Michael Gravelle has tested the waters to see if Northern First Nation communities wanted to join forces to manage areas covered in the Far North Act.
The Minister of Natural Resources met with representatives from Northern First Nation communities at the Travelodge Hotel on Wednesday. The group spent the day discussing a potential joint body in regards to the Far North Act where First Nation communities would have more input on policies.
The Far North Act, which was passed in 2010, represents 42 per cent of Ontario or 450,000 square kilometres and applies to public lands in the Far North but not to First Nation communities or to federal, private or municipal lands.
In order to manage development plans better, the province implemented a community based land use initiative with the intent to have direct input from First Nation communities.
Gravelle said the joint body, made up of equal membership of First Nation and government officials, would be able to coordinate the Far North Land Use Planning process together.

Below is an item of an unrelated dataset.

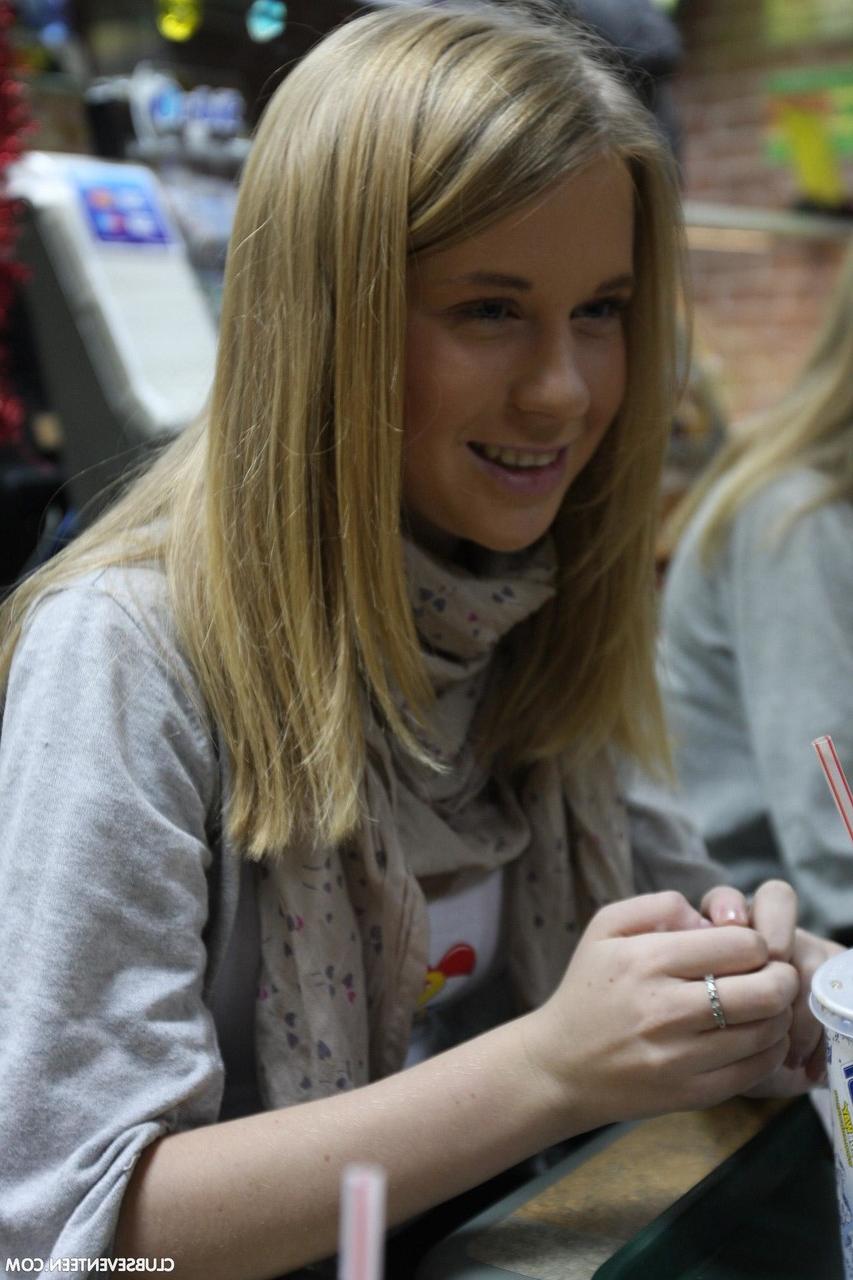 20P A linda adolescente loira Corinne B fode um cara pendurado e deixa ele gozar dentro dela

There has been some success already with five land use plans already in place and several others in the middle of negotiations.
He said the decision to have these discussions followed an amendment in the original legislation.

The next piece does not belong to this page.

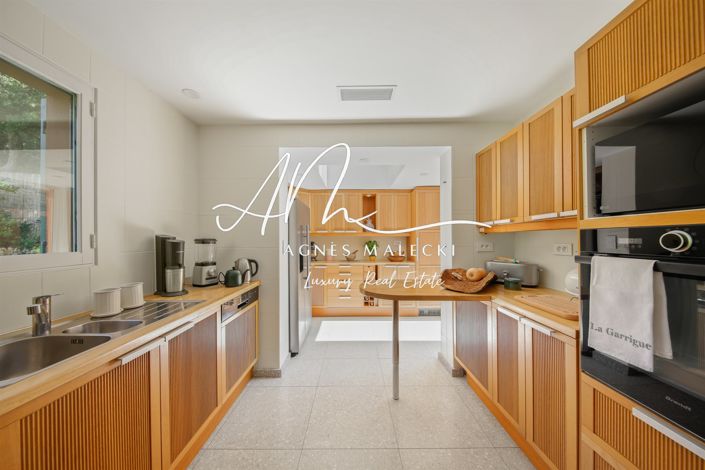 Image No.11-6 Bed House for sale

“(First Nation communities) have made it clear right off the top that they did not like the process by which the (the Far North Act) went through,” Gravelle said.
“We’re engaged in a land use planning process that basically asks the First Nations how much of their traditional territory they want to see protected from an ecological or economical point of view and how much they want to see developed.
“What this is ultimately doing is providing clarity for businesses and industry but also respects the First Nations need to determine what parts of their land they want to see protected from future development.”
Gravelle said it’s all in the hands of the First Nation communities if they want to move forward with this plan.
“If they feel that a join body that they can put input into the policies implications, as well as implementation and coordination for the Far North Land Use Planning process is something they want to move forward on then we want to do that with them,” he said.
“I feel good about the discussions today. We will determine if we are going to move on to another discussion and I’m optimistic that we will.”